*Data records:*
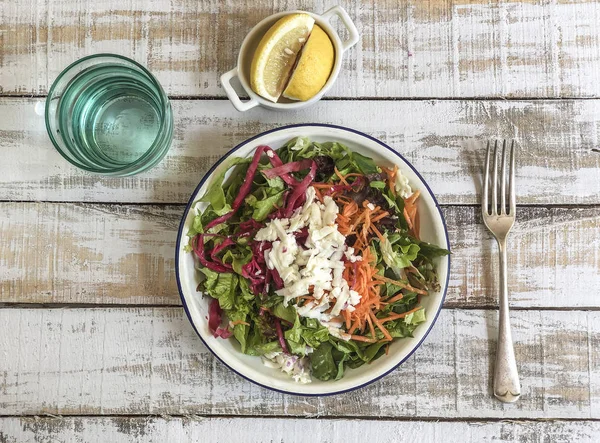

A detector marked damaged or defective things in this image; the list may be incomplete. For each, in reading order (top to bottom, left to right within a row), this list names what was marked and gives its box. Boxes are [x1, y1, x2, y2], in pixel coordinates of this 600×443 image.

peeling white paint on wood [1, 0, 600, 98]
peeling white paint on wood [1, 98, 600, 206]
peeling white paint on wood [2, 203, 596, 306]
peeling white paint on wood [2, 308, 596, 420]
peeling white paint on wood [1, 416, 600, 443]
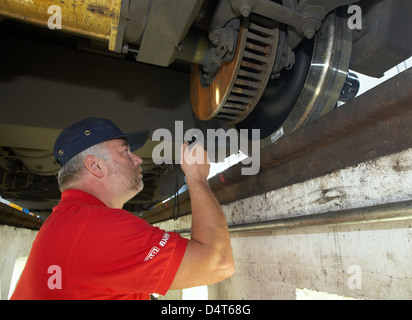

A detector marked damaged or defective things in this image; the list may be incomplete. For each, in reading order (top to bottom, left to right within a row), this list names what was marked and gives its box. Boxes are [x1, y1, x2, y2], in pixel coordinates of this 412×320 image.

rusty metal surface [141, 67, 412, 222]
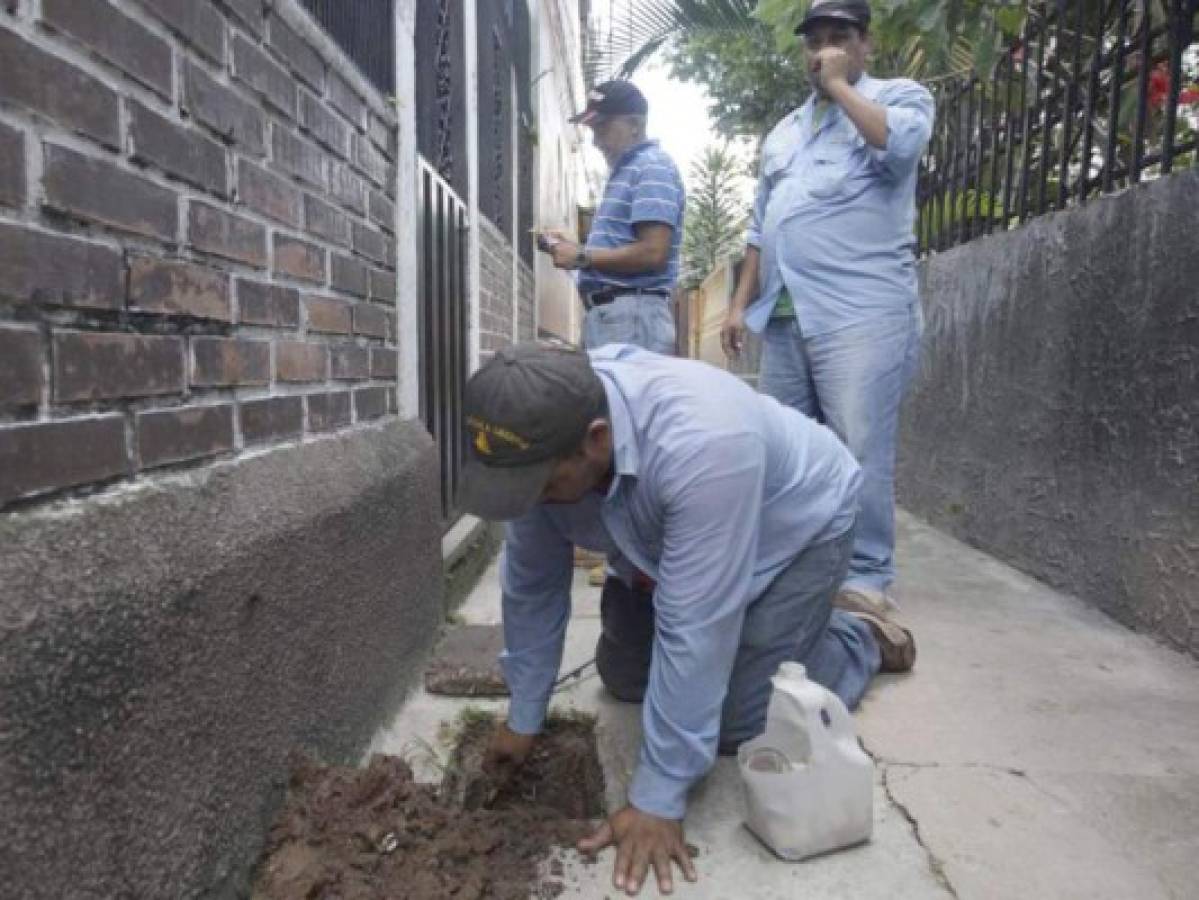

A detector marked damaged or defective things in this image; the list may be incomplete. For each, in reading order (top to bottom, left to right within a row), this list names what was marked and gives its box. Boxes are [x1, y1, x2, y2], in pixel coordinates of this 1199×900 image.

cracked concrete pavement [369, 512, 1199, 900]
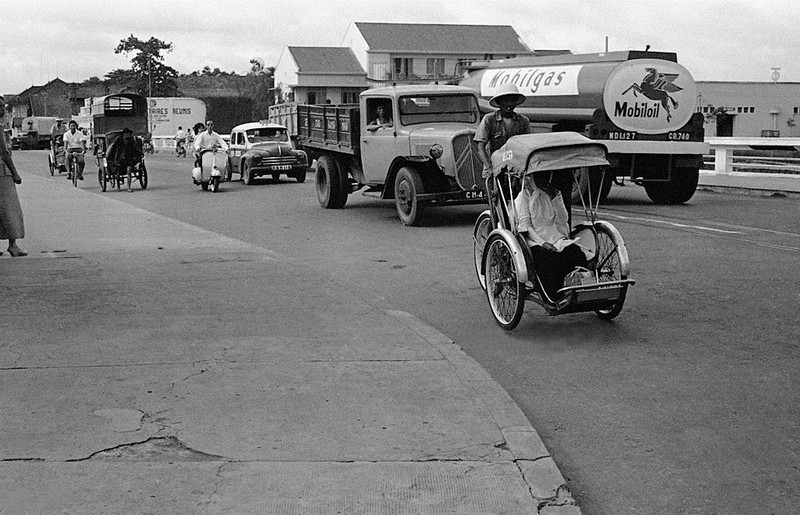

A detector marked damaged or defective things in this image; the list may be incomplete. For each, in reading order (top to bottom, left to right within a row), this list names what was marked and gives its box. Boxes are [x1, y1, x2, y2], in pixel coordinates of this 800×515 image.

*Exercise description:*
In the listing, find the line containing "this 412×320 image." and repeat it and every later line through the last one, word for word, excluding the pictures.

*Written answer:*
A detector marked damaged or defective things in this image; the list may be incomplete. For each, in reading order (top to bottom, left to right within a row), this list names what was marked and gives its box. Boxes are [x1, y1, x2, y2], in pixel coordinates of this 412×320 image.

rusty metal surface [141, 67, 412, 222]

A detector marked damaged or defective things in this image; the list may be incomplete. For each, in reading order (top to bottom, left to right within a row), this list names what was marked and gives its box. Boxes are [x1, y1, x2, y2], in pixel coordinates of this 1199×900 image.

cracked concrete pavement [369, 512, 1199, 900]

A detector marked damaged or defective things in this image; the list may be incomplete. For each, in reading order (top to bottom, left to right within a row), this list names what was marked and gives its box. Boxes are [x1, y1, x2, y2], in pixel coordinates of this 800×515 image.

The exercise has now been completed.